Next, an armada of FedEx, UPS, and DHL trucks invaded our cul-de-sac, and a barrage of plain brown boxes landed on our doorstep. Collets, reamers, cutters, taps, Morris tapers, drill chucks, tool holders. But although the accessories arrived on a daily—sometimes hourly—basis, my replacement part did not.
“Is that lamp going to be fixed sometime this year?” I asked, eying the taunting black and white wires, which hung there bold and bare.
“Soon. Very soon,” my husband said. “I just need a few more accessories.”
By now exasperated, I asked, “Frank, you do realize that originally that lamp only cost $29?”
“Yes,” he said. “But that was 20 years ago.” I did a quick calculation, and for his purchases to be cost effective, the rate of inflation between 1987 and 2007 would have to have hovered somewhere around 1500%, though admittedly, I didn’t major in economics.
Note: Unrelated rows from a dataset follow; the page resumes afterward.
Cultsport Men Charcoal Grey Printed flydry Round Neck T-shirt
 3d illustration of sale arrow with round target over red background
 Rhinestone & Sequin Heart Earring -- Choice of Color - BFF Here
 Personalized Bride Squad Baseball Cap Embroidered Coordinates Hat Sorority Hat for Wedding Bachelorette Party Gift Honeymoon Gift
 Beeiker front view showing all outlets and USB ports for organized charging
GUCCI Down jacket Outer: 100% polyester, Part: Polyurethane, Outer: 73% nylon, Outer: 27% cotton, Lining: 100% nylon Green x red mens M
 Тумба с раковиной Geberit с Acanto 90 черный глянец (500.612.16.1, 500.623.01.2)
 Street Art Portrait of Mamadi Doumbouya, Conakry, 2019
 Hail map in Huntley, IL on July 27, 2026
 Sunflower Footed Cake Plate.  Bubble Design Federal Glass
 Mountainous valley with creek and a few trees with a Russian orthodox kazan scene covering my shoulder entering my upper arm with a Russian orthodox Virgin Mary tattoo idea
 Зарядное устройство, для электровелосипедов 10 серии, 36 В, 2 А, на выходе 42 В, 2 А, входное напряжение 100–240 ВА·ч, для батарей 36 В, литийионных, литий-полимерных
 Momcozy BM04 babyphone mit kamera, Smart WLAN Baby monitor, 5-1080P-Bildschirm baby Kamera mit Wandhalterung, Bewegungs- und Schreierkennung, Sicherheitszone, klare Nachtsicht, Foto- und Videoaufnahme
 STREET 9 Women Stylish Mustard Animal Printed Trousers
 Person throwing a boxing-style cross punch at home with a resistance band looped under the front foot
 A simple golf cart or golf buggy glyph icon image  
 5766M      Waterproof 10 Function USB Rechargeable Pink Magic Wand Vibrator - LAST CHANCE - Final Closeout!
Also, I figured that with $14,000, I could have purchased 482 lamps or taken that grand tour of Europe I’ve always dreamed about. All this to replace a $5 part.
I felt trapped in a male version of the children’s classic If You Give a Mouse a Cookie. If you give a man a lathe, then he’s going to want a collet. If you give a man a collet, then he’s going to want a chuck. If you give a man a chuck, then he’s going to want a reamer…The possibilities seemed endless.
But then one day to my surprise, the deliveries stopped—and the lathe started. Two days and $14,000 later, I had my $5 replacement part. And although I’m happy to report that my husband did an excellent job and that my lamp looks as good as new, the next time anything breaks, I’m not even going to think about repairing it. I’ll just slip out quietly and buy a new one.
If I don’t, I’ll never get that trip to Europe.